Each notebook describes a particular analog second order filter (RC-RC, RLC, Rauch, Sallen-Key). Then, the objective is to create two python functions :
* compute_parameters : this function compute the filter specifications from the filter components
* select_components : this function select the filter components from some filter specifications
## Getting started
#### Starting the project
1. Fork the repo (click on the fork button then on the select button)
2. Download the forked repo onto your machine
3. Make the necessary changes to your project in your local files (create the functions on jupyter etc...)

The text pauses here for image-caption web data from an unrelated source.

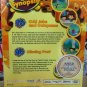 ABC Monsters Volume 8 Anime DVD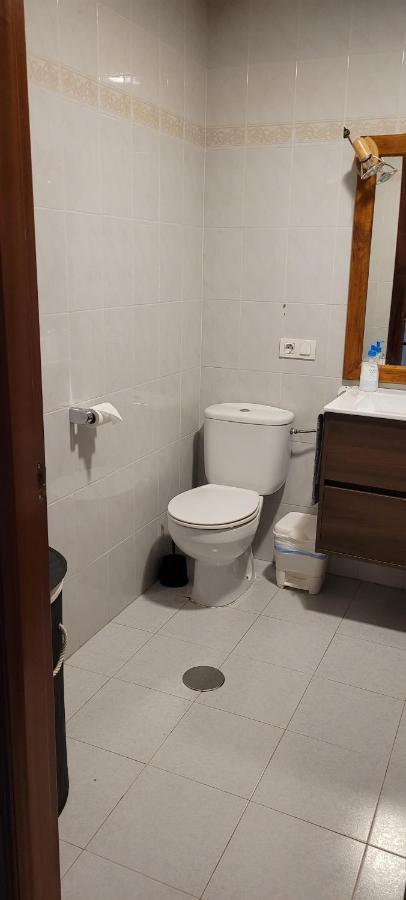 アレシフェMi Casita De Lanzaroteアパートメント エクステリア 写真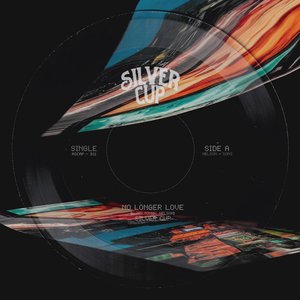 No Longer Love - Single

#### Submitting the project
4. Once you are ready to submit the assignment, open the Anaconda prompt (type "cmd" on your computer search bar and the option should appear)
5. Type `git` into the command line then press enter
6. If you do not have git installed on Anaconda, type `conda install -c anaconda git` into the command line then press enter
7. Once you have installed git on Anaconda, click on the clone button and retrieve the https url
8. On the command line, change the directory to the folder you want to submit (use `cd folder_path_name` to do so and use `dir` (or `ls` for Mac and Linux users) to make sure you see the right files inside the folder)
9. On the command line, type `git clone {https_url_you_copied}` then press enter. It will ask you for your ENT username then for your ENT password. Make sure there is no error before proceeding to the next step
10. On the commande line, type `git add .` then press enter. If everything went smoothly, if you type in `git status`, you should have some new files to commit.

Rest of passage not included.